In the U.S., most of the election parameters are decided by 50 individual states, each of which has a slightly different approach.
To some people’s minds, it’s a bizarre way to run an election.
“The United States is a crazy system,” said Mark Rom, associate professor at the McCourt School of Public Policy at Georgetown University.
“There’s a statement made by one of our Supreme Court justices in the past. Justice (Louis) Brandeis said that the states are laboratories of democracy so they can try things out. States can learn from each other and perfect their policies.
“This is clearly completely untrue. Regarding elections, after 200 years of experimentation, our election system is still pretty much a mess.”
North of the border, the task falls to Elections Canada, an independent, non-partisan agency of Parliament. Unlike other departments, Elections Canada does not report to an elected cabinet minister. Instead, it reports to Parliament as a whole.
Its mandate is essentially to ensure that the process of campaigning, obtaining a ballot and voting is exactly the same in St. John’s, Newfoundland, as it is in Victoria, B.C.
While Elections Canada is not immune from political interference, altering its mandate to any significant degree would require changes to the Canada Elections Act, which would require the relatively public process of rewriting legislation.
In the U.S., legislation can be bent to political will at the state level — and has been.
In Florida, after a state constitutional amendment gave released felons the right to vote in the upcoming election, Republican Gov. Ron DeSantis signed off on a law that required those felons to pay all prison fines, fees and restitution before they would be allowed to vote.
As a result, as of last Monday’s deadline for voter registration, less than a quarter of those estimated 1.4 million potential voters had signed up to vote. The demographic most affected by this are Black men.
In Texas, Republican Gov.

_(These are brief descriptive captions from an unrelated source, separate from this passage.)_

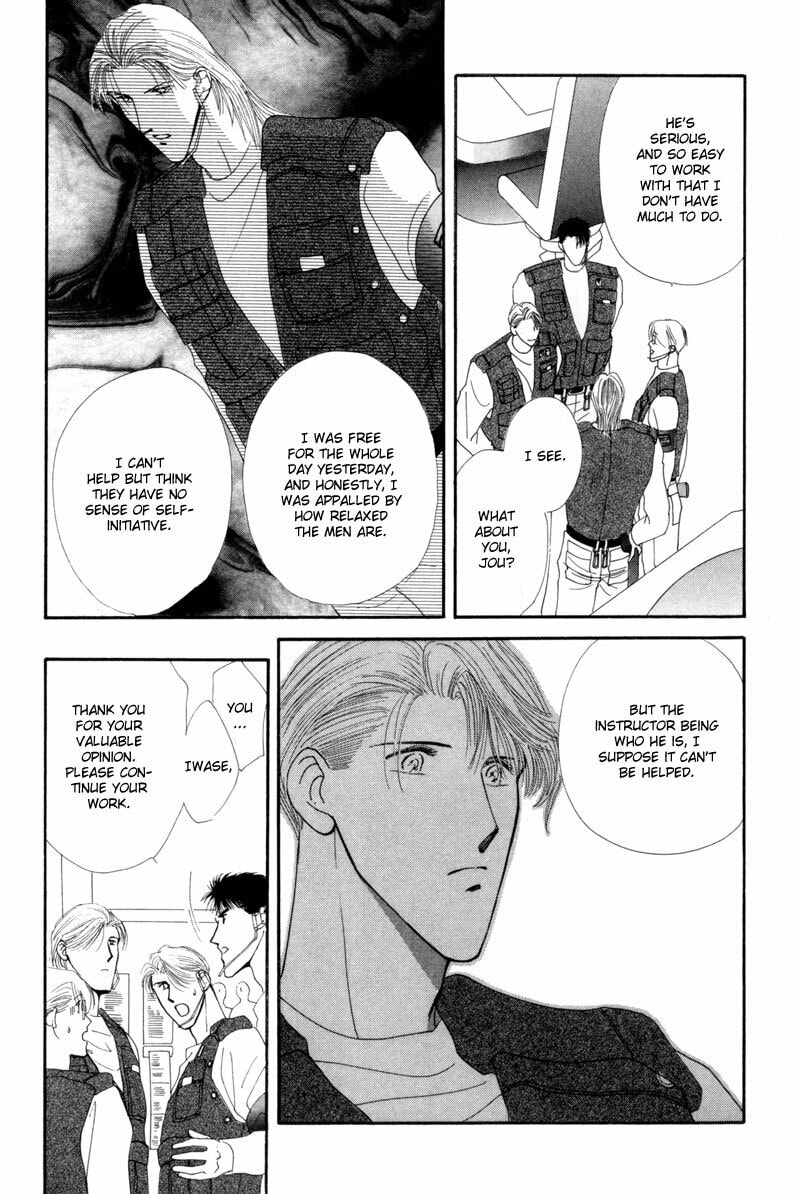 Read G・Defend chapter 11 image 5 on Lezhin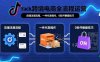 TikTok跨境电商全流程运营：店铺注册流程，一件代发操作，0粉开橱窗技巧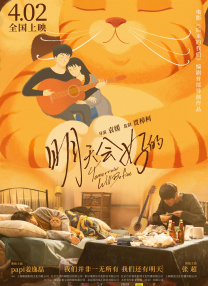 律师全系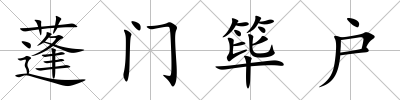 蓬門篳戶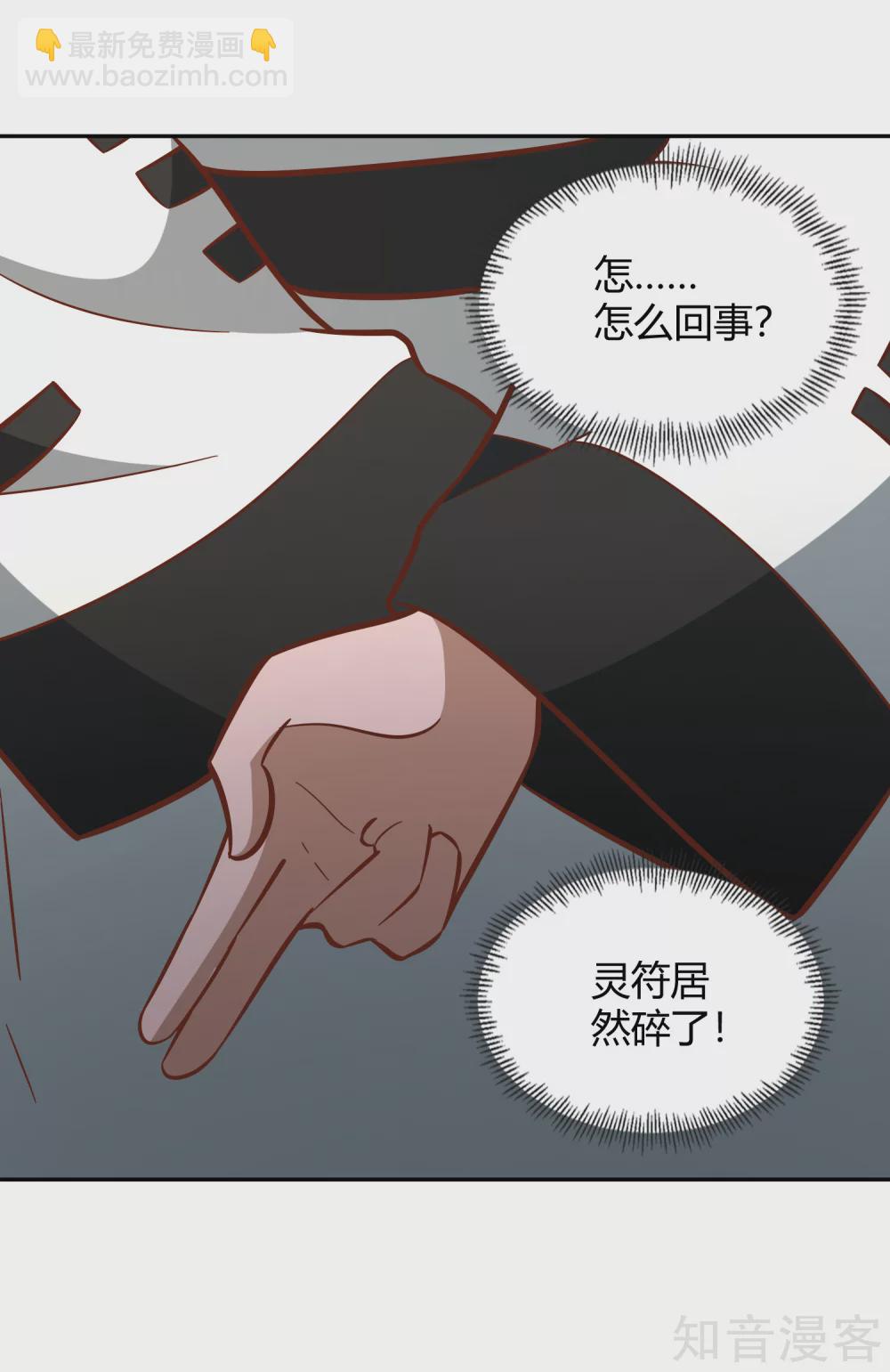 第127话 擂台之上14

Gregg Abbott issued an order limiting the number of drop-off locations for mail-in ballots to one per county. That meant that Harris County — which contains Houston and has largely voted Democrat presidentially since Barack Obama in 2008 — had one drop-off location for 4.7 million people in a county that spans 4,600 square kilometres.
Republicans call that “ballot security.” Democrats call it “voter suppression.”